Federal Circuit Contract Interpretation

PatentLawPic308Lawler Mfg. v. Bradley Corp. (Fed. Cir. 2008)(nonprecedential)

In 2001, Lawler and Bradley settled a patent infringement lawsuit and entered into a contractual license agreement. Bradley was given the right to practice Lawler’s plumbing valve patents in exchange for a 10% royalty.  The license included a combination royalty provision. The royalty licensed parts sold in combination would be charged at a separate (likely lower) royalty rate. 

The dispute on appeal was whether a set of example combinations included in the contract limited the “combination” royalty rate to only a limited set. The particular contract provision read as follows:

“If a Licensed Unit is invoiced or shipped in combination in another product such as an emergency shower or eyewash, [then the combination rate applies.]”

De Novo Construction: Looking much like a claim construction opinion, the CAFC reviewed the contract language de novo (following Indiana law) and reversed the lower court interpretation. In particular, the court found that the “such as” language of the contract limited the combination royalty to only a limited set of combinations. The CAFC found its interpretation necessary to give meaning to the such as clause. As with Federal Circuit claim construction law, Indiana contract law has a preference for giving meaning and effect to all written terms.

“The question before us is whether that term, read in the context of the agreement, is restrictive, as Lawler urges, or merely explanatory, as the court found. We find that it is restrictive. “Such as” refers to items similar to what are recited rather than indicating that the recited items are just examples of what is covered by that provision. . . . The parties’ inclusion of the “such as” phrase … must either have been intended to provide some guidance as to the limited types of combinations that the parties contemplated … or to provide meaningless surplusage. Indiana law constrains us from finding the latter.”

Reversed and remanded.

In dissent, Judge Mayer saw the “such as” language as merely providing examples in much the same way that embodiments provide example implementations of an invention. “[E]mergency eyewashes and showers are examples of combination products, but they are not the only combination products covered by section 3.1 of the licensing agreement.”

7 thoughts on “Federal Circuit Contract Interpretation

  1. 7

    Thanks for the explanation.

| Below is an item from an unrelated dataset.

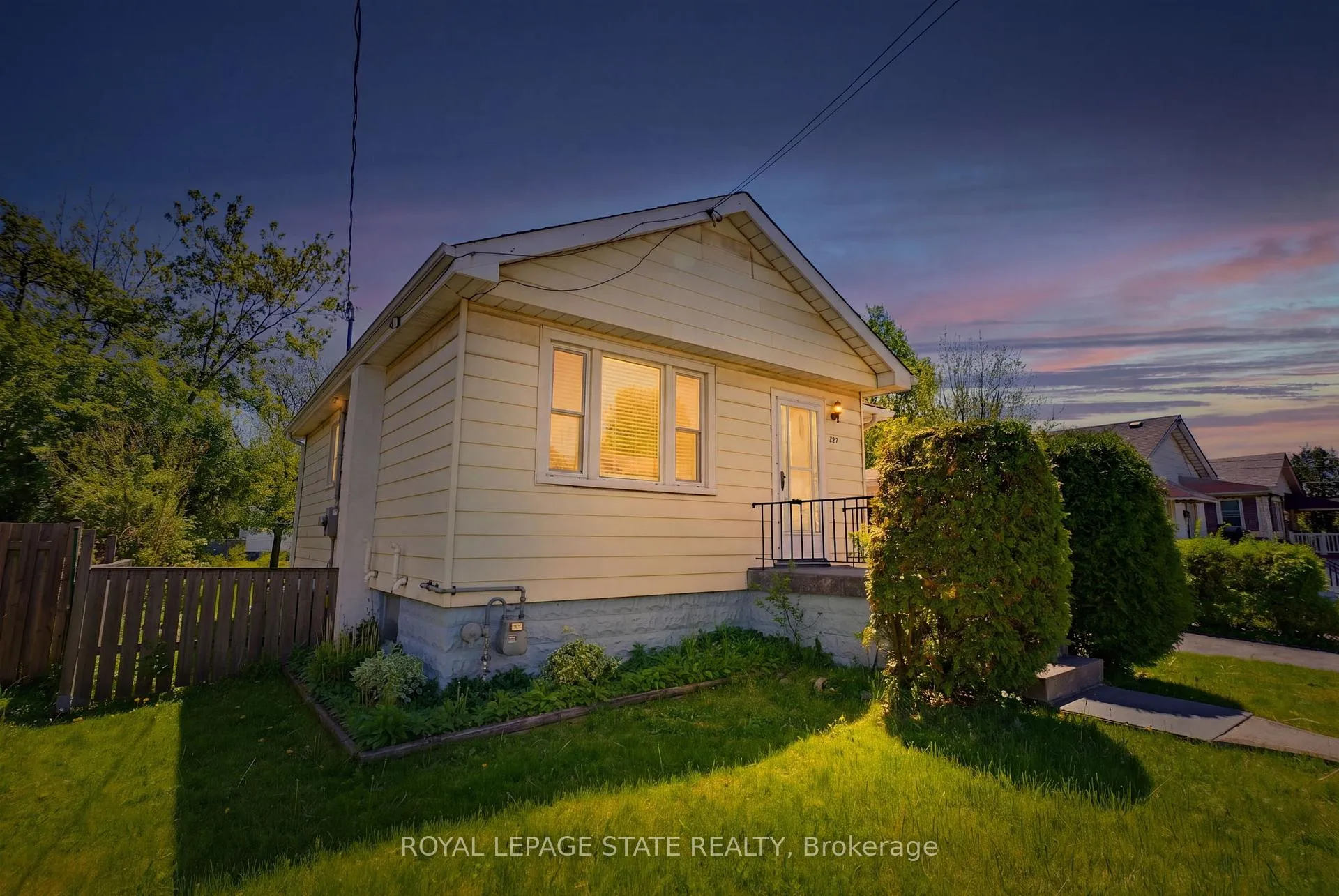 Photo 2 of 257 West 2nd Street, Hamilton, Bonnington — HOMEH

I didn’t realize the contract issue was part of a motion to enforce the setlement.

  2. 6

    Mr. Roethel, this might not be a complete enough answer for you, but…

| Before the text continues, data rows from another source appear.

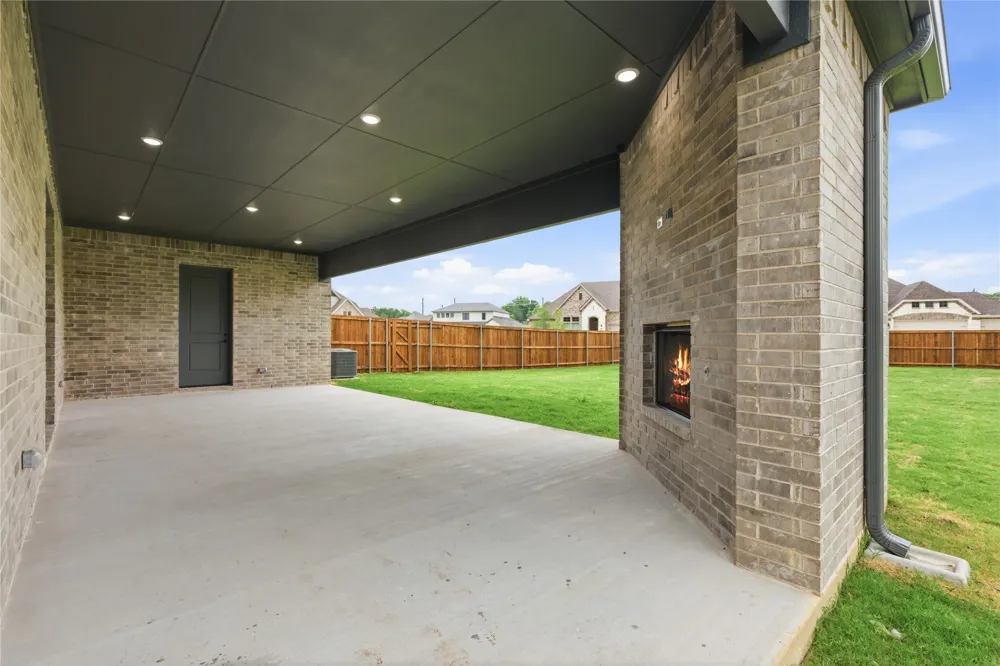 702 Anne Road Van Alstyne, TX 75495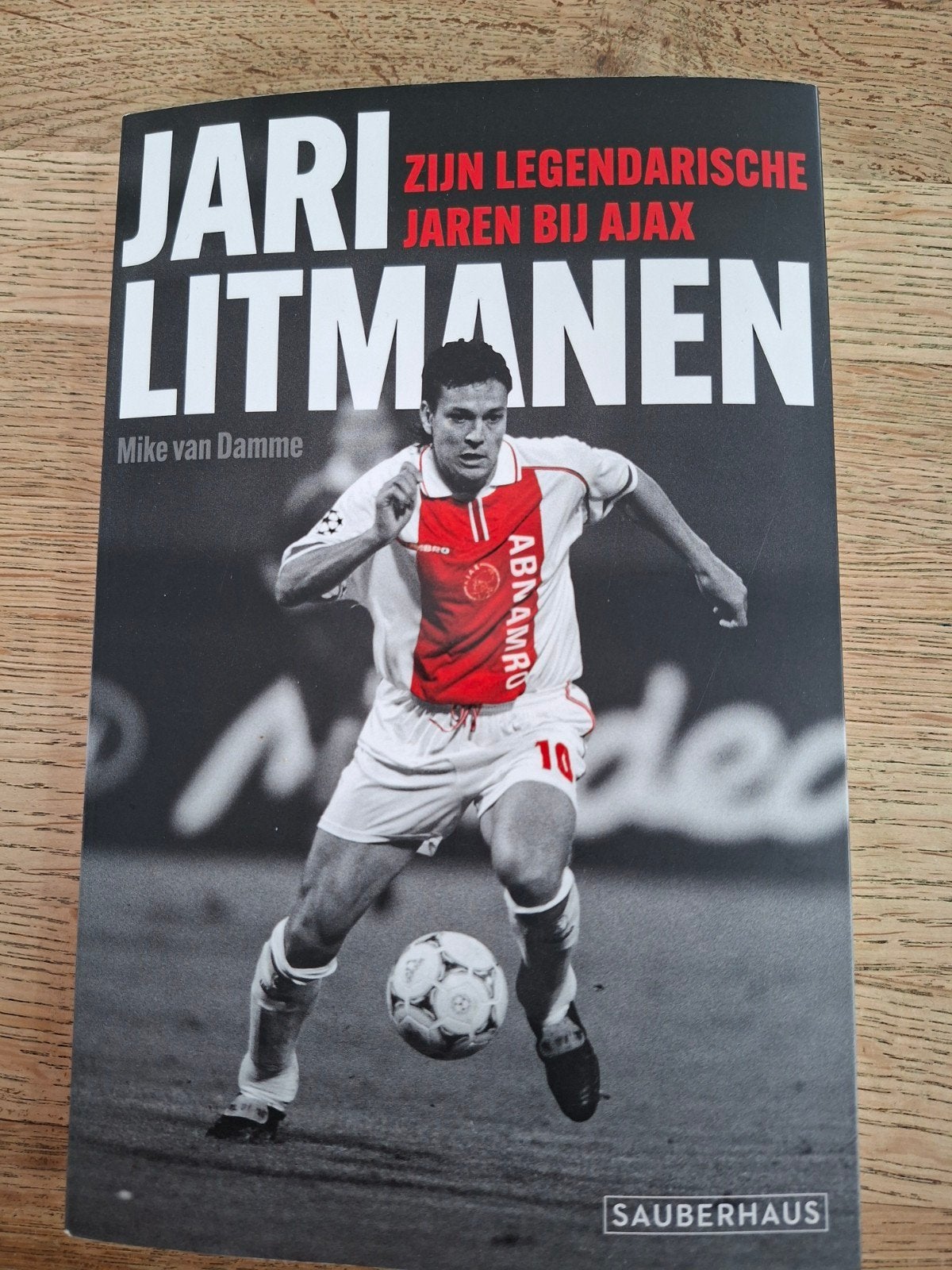 Jari Litmanen zijn legendarische jaren bij Ajax, Ophalen of Verzenden, Zo goed als nieuw, Sport, Mike van Damme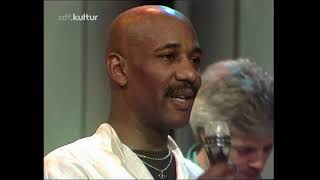 Hot Chocolate - Tears On the Telephone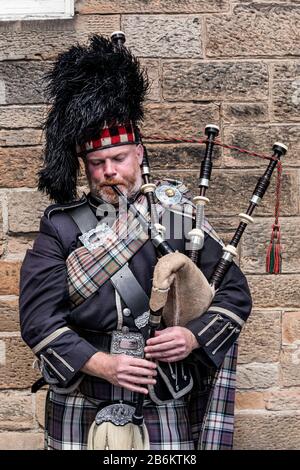 United Kingdon Scotland - Bagpiper in Edinburgh Stockfoto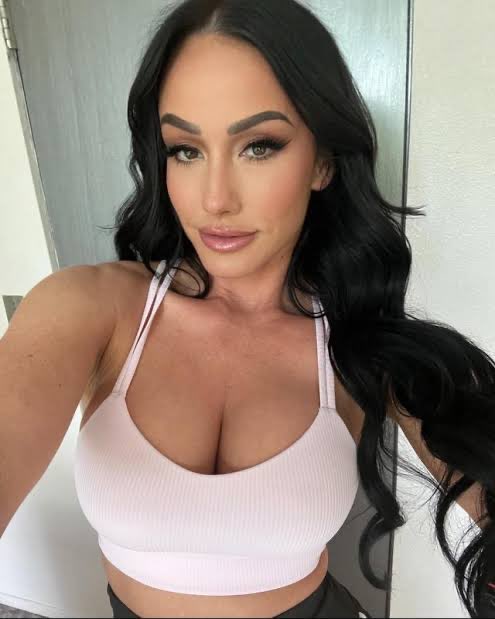 Lizzy girl tweet media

    The original dispute was a patent infringement case (first full paragraph of p. 2). The license agreement in this case was part of the settlement (second full paragraph, p. 2). The patentee sought to enforce the license agreement not by filing a new action for breach of contract, but by filing a motion (in the district court that presided over the settlement) to enforce the license agreement/settlement. (first full paragraph, p. 4).

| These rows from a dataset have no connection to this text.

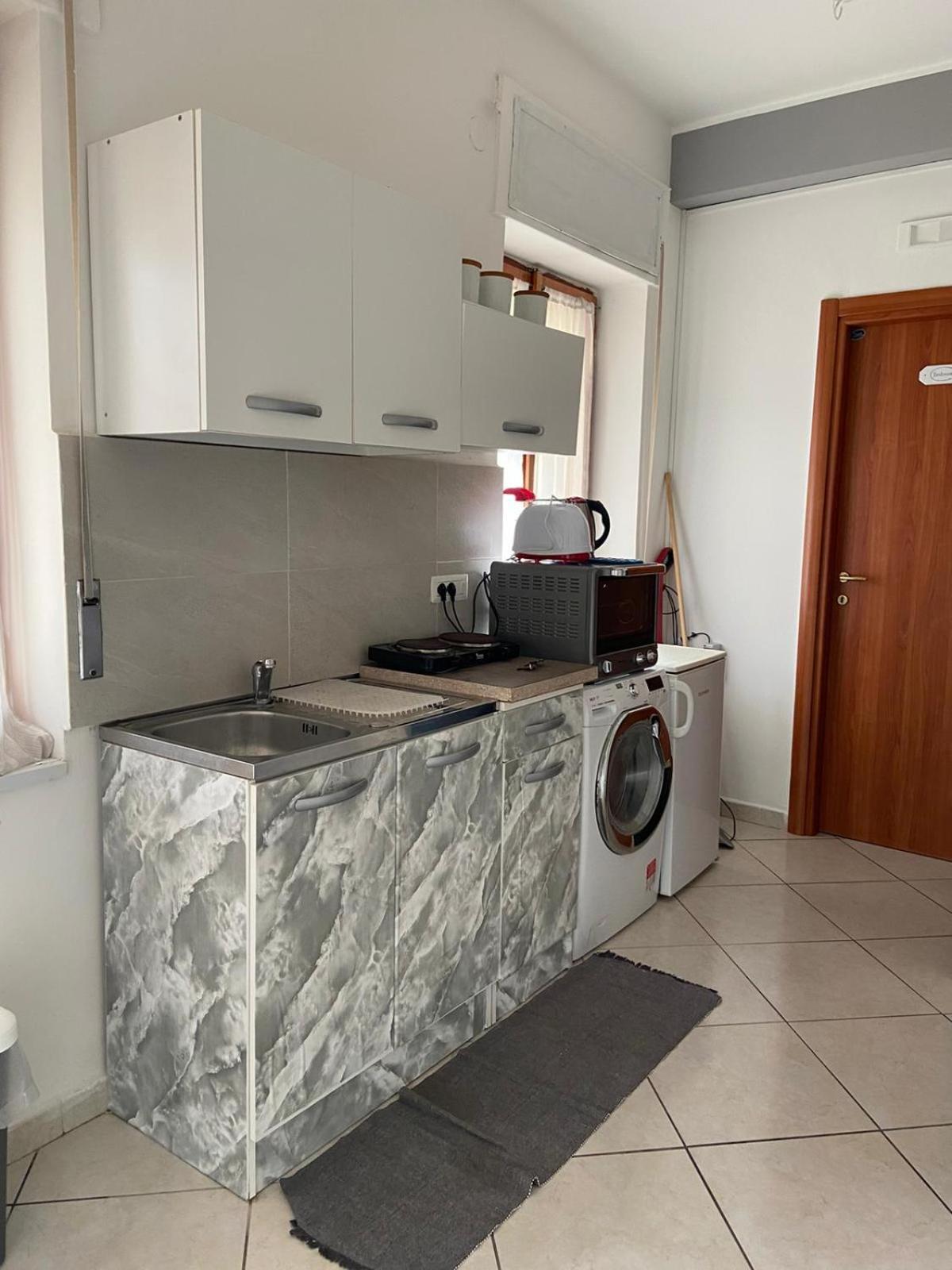 Bedroompompei With Free Parking Bagian luar foto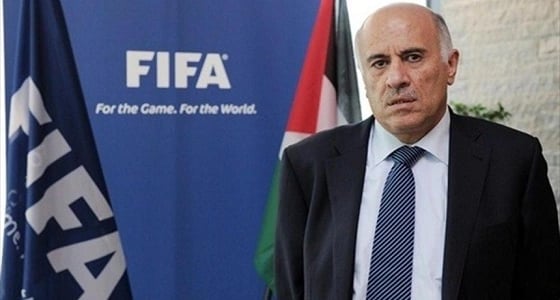 رئيس الاتحاد الفلسطيني للكرة يتعاقد مع " سيزار " مدربًا للمنتخب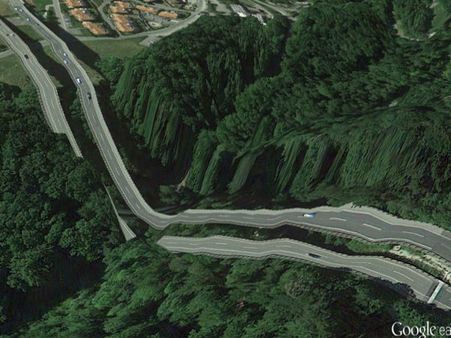 ગુગલ અર્થથી લેવામાં આવેલી ધરતીની કેટલીક તસવીરો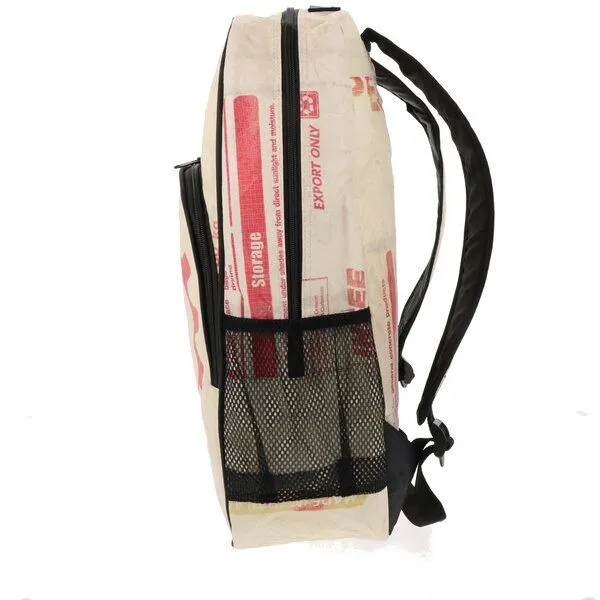 MoreThanHip MoreThanHip Laptop-Rucksack 15,6 Zoll aus recycelten Zement- oder Fischfuttersäcken - Trong, Creme/rot - pegasus, – Produktbild 3 von 4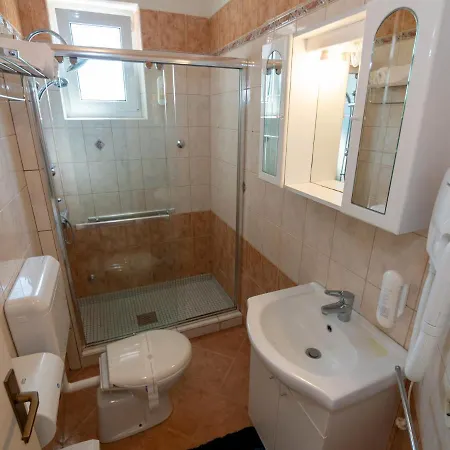 Apartment Baja Lopar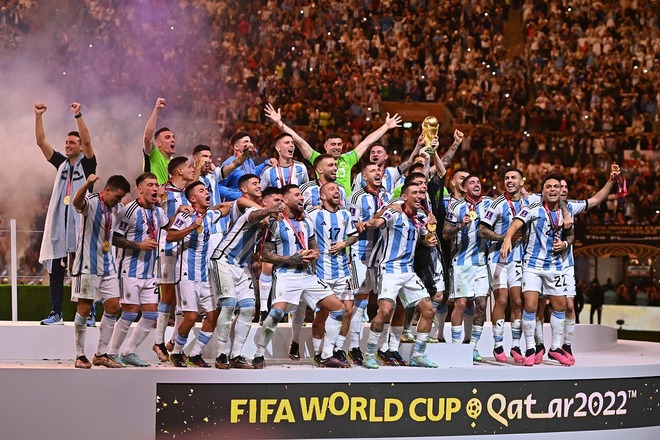 W杯回顧録】第22回大会（2022年）｜“三笘の1ミリ”にメッシ悲願V。日本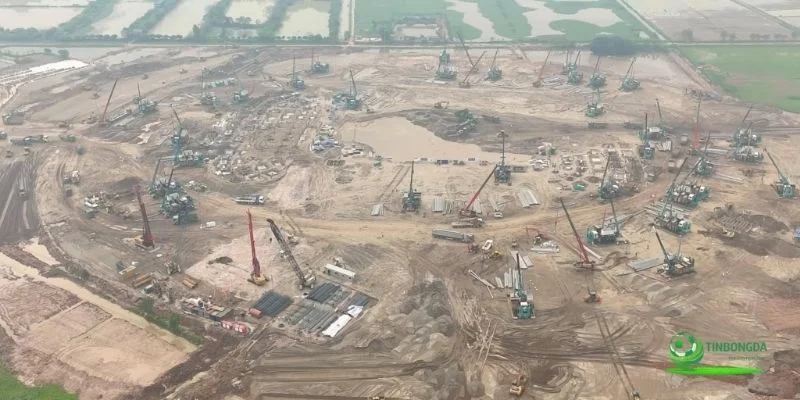 sân vận động Trống Đồng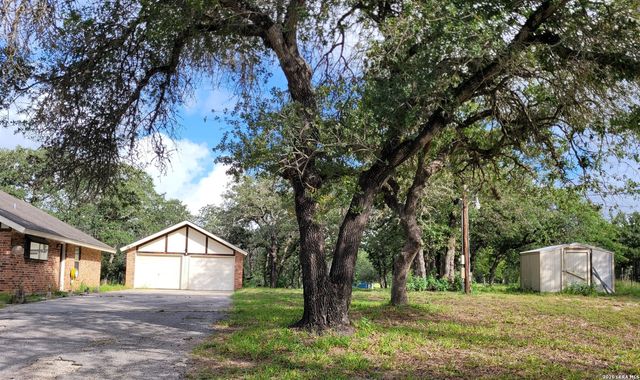 110 Post Oak, Floresville, TX 78114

    So, this is an appeal from a patent infringement case, but the issue on appeal is enforcement of a settlement rather than contesting substantive issues of validity or infringement. I’m not sure which of the Federal Circuit’s opinions addresses this exact situation, but I think that’s enough to bring it within the Federal Circuit’s jurisdiction.

  3. 5

    Would someone explain to me how this case got to the Federal Circuit? Would not appeal lie to the circuit belonging to Indiana (6th?). Isn’t a patent license dispute just a contract dispute not arising under the patent laws? Thanks for teaching my old dog something I should know, but don’t.

  4. 4

    I’m fairly certain sure that’s the reason why it’s not published. I understand that the decision wouldn’t bind anyone in Indiana other than the parties even if it had gotten into F.3d.

  5. 3

    The federal circuit is applying the law of Indiana in deciding whether the examples are to be considered limiting. They might very well interpret another state’s law differently. The fact that they are opining on state law probably explains why this decision is non-precedential.

  6. 2

    Judge Mayer’s dissent is more persuasive, I think. I agree with Prof. Crouch that the opinion reads like a claim construction opinion. The majority’s analysis seems to hinge on the idea that the term “in combination” can be readily understood without the examples, AND THEREFORE the examples must be limiting. (maj. op. at 6-7). If I’m right about that, then I’m surprised that 2 judges swallowed that argument.

    It strikes me as an unsupportable way to interpret a contract. Contracts often are written with the idea of CYA in mind, so some important aspects of the contract are often stated multiple times, in different ways, with language meant to make them unmistakably clear so that there are no disputes later. Apparently this practice can be turned against the drafter because once the contract passes the point of being “clear enough,” any additional clarifying language must be limiting under the idea that “language is construed so as not to render any words, phrases or terms ineffective or meaningless.”

    Unless I’ve missed something, it’s quite fortunate that this decision will have no precedential value and shouldn’t affect anyone other than the parties to this case.

  7. 1

    Strange decision. It seems clear enough in this context (or out of it) that “such as” is not limiting in the way the court interpreted the phrase.